Bias in claims data with respect to disease status is a problem for health services researchers, because we often rely on administrative claims (billing data) to measure disease status for large cohorts. Misclassification bias may alter the prevalence of given conditions–which is especially problematic for epidemiology and comparative effectiveness research. It may even alter the relationships between diseases and outcomes, leading to a bias toward or away from [PDF] the null hypothesis. In a new study published ahead of print in Medical Care, Dr. Carl van Walraven, of the Ottawa Hospital Research Institute, tested two methods of addressing misclassification bias in claims data and found that bootstrap imputation (BI) substantially outperformed quantitative bias analysis (QBA).
Dr. van Walraven used serum creatinine measures for a sample of hospital patients admitted between 2002-2008 to determine whether they had severe renal failure during their stay.

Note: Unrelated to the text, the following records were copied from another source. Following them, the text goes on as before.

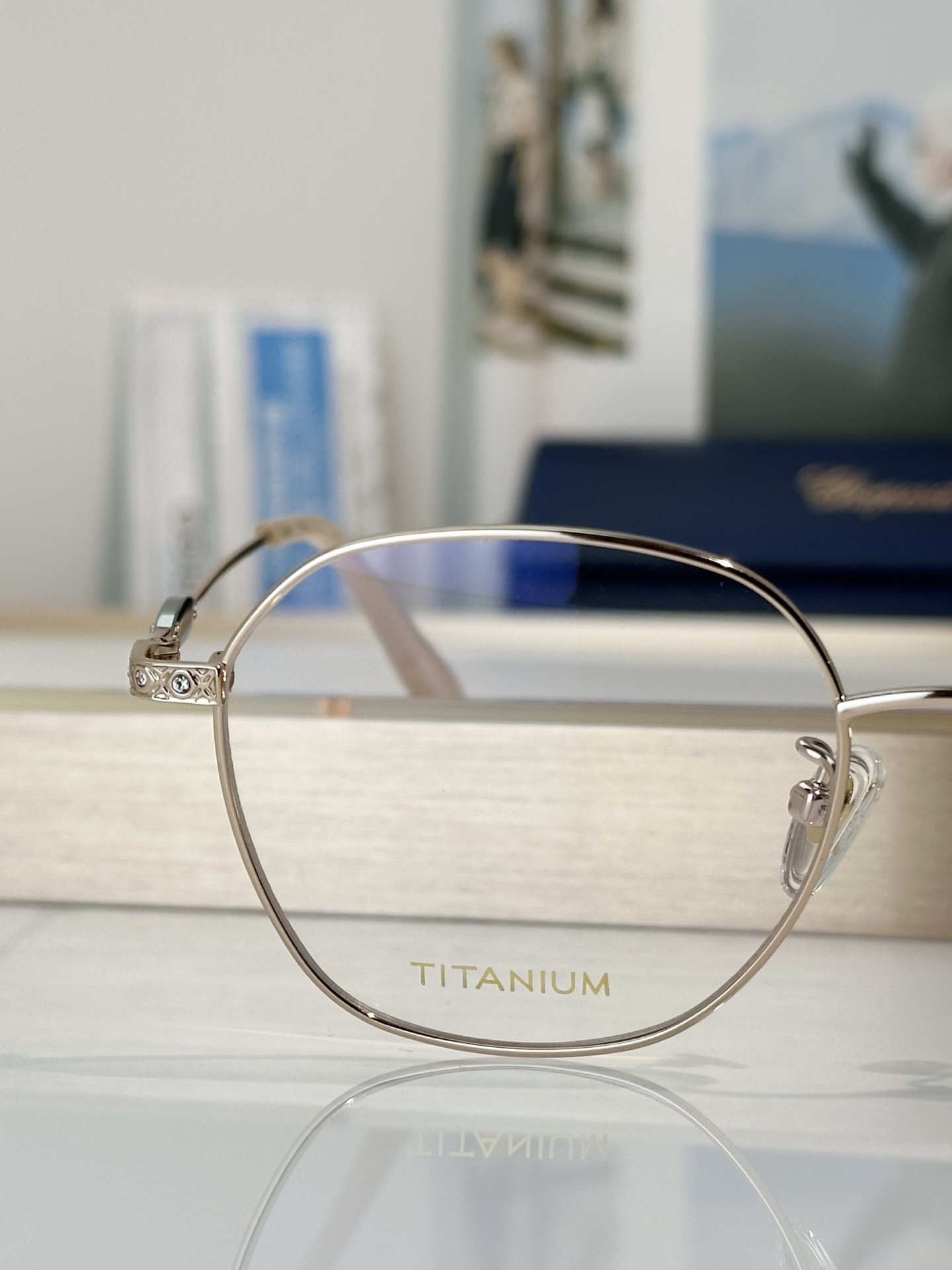 Designer Sunglasses VCHM03J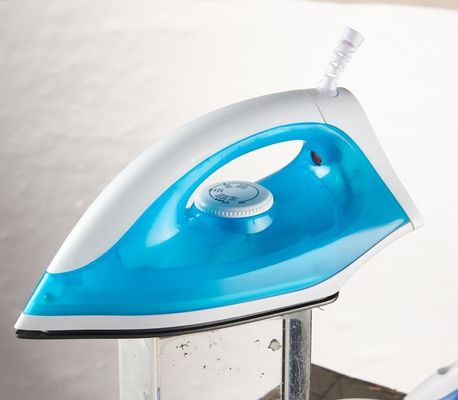 1.50m Cord Length LM-303 Steam Iron High Capacity and Smooth Ironing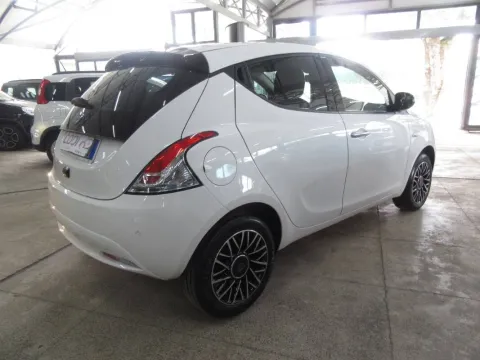 Lancia Ypsilon 1.0 firefly hybrid Platino s&s 70cv - Immagine 8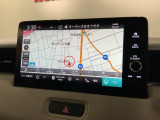アップルカープレイ・アンドロイドオート対応純正ナビ搭載です。知らない道も安心ですね!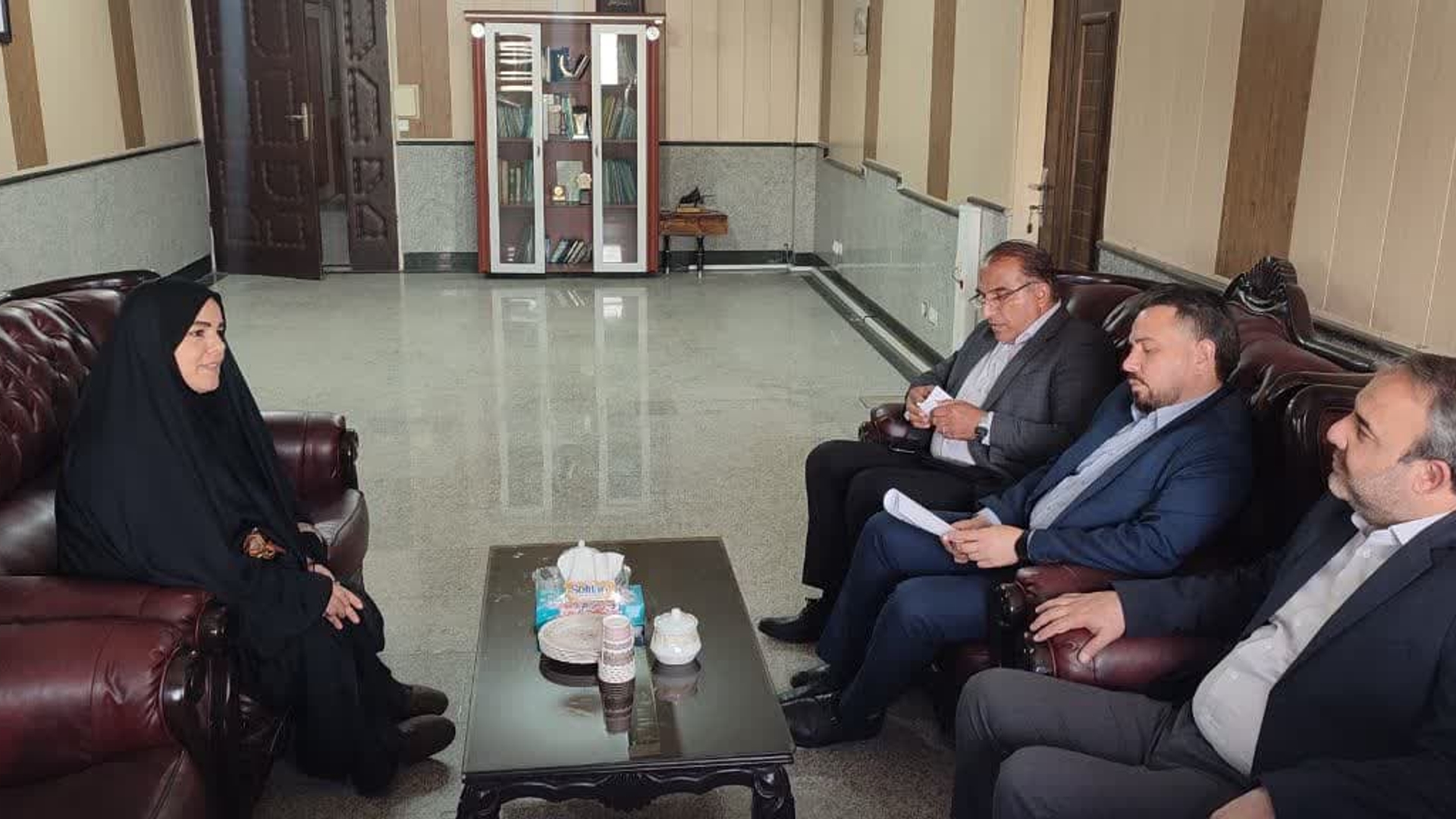 ملاقات با  نماینده متقاضیان نهضت ملی مسکن شهر مأمونیه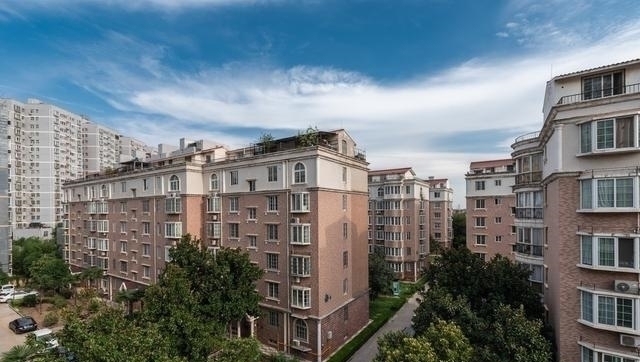 建筑学|同一栋房子,为何西户“抢空”,东户却没人要建筑学家给出答案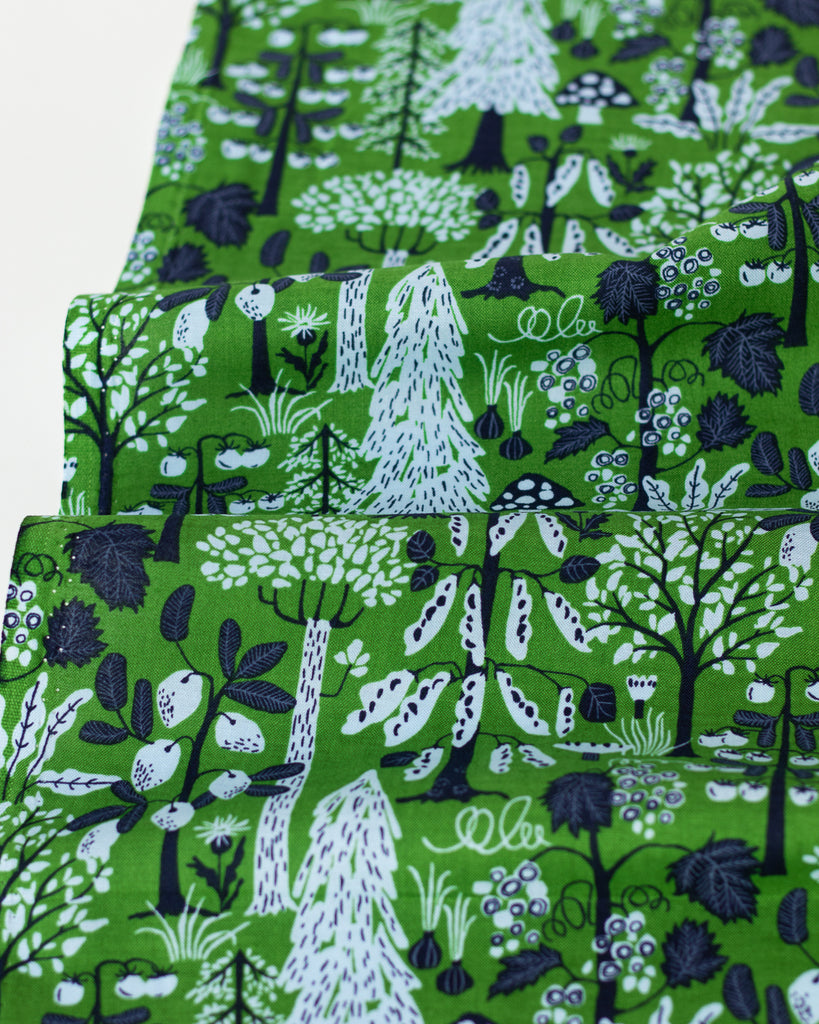 1/2m Hokkoh - Cotton Sheeting - Through the Forest - Kelly Green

This allowed other methods for determining disease status–ICD codes, QBA, and BI–to be tested against a clinical standard. Both the prevalence of severe renal failure and its association with patient-level covariates were tested.
Using International Classification of Diseases, or ICD, codes is a standard method to determine disease status in health services research. Codes have varying sensitivity and specificity when compared to clinical indicators.
Quantitative bias analysis, or QBA, uses previously estimated sensitivity and specificity of the ICD codes to remove misclassification bias by calculating how many patients would be in each disease-covariate category in the absence of bias. QBA only reduces bias if the parameters are perfectly accurate and generally produces invalid results (negative numbers) some of the time.
Bootstrap imputation (BI) consists of drawing many samples from the original cohort and imputing disease status for each patient based on a disease probability estimate. There are a few different ways to estimate the disease probability under BI:
- The Positive Predictive Model returns the probability of severe renal failure as a function of the model’s covariates (all available from hospital discharge data) in patients coded (ICD) with the disease.
- The Severe Renal Failure model predicts the probability of severe renal failure in all patients, also using hospital discharge data, with a model validated in an earlier study.
The median prevalence of severe renal failure, based on 86 patient strata, was around 7.3% to 8.7%, with BI being closest to the clinical gold standard. Looking at the percent of estimates within 95% CI of the true value shows an even clearer picture:
- ICD codes: 13.8% (IQR 7.4%-23.1%)
- ICD codes adjusted with QBA: 14.1% (IQR 7.3%-23.8%)
- BI
- Using unadjusted predictive values: 59.3% (IQR 48.2%-69.8%)
- Using Positive Predictive Value model: 64% (52.9%-74%)
- Using Severe Renal Failure model: 94.2% (87%-98.1%)
Using QBA was hardly better than just the ICD codes and produced invalid estimates in some cases. Using BI performed much better; however, it is potentially more difficult to implement.
The same general pattern held true when examining the association of severe renal failure with covariates, with one notable exception–QBA actually increased bias more than using ICD codes alone.
When examining the association of severe renal failure with covariates, using ICD codes moved the odds ratios away from the null in most cases. QBA actually increased bias compared to using ICD codes alone. BI models using unadjusted values and PPV performed better than QBA, but not better than ICD codes. Using the BI Severe Renal Failure Model produced the best results.
These results are helpful in giving researchers more information about the use of administrative data when studying severe renal failure and should at least provide food for thought when studying other conditions in the hospital setting. However, we do not know whether these results hold true for other codes/conditions, and more work would be helpful to clarify this point.
The drive toward Big Data includes leveraging existing healthcare data, such as claims and EHRs, and should increase our attention on validity to avoid biased analyses. Testing different methods of correction and enhancing our understanding of how bias may alter results is critically important.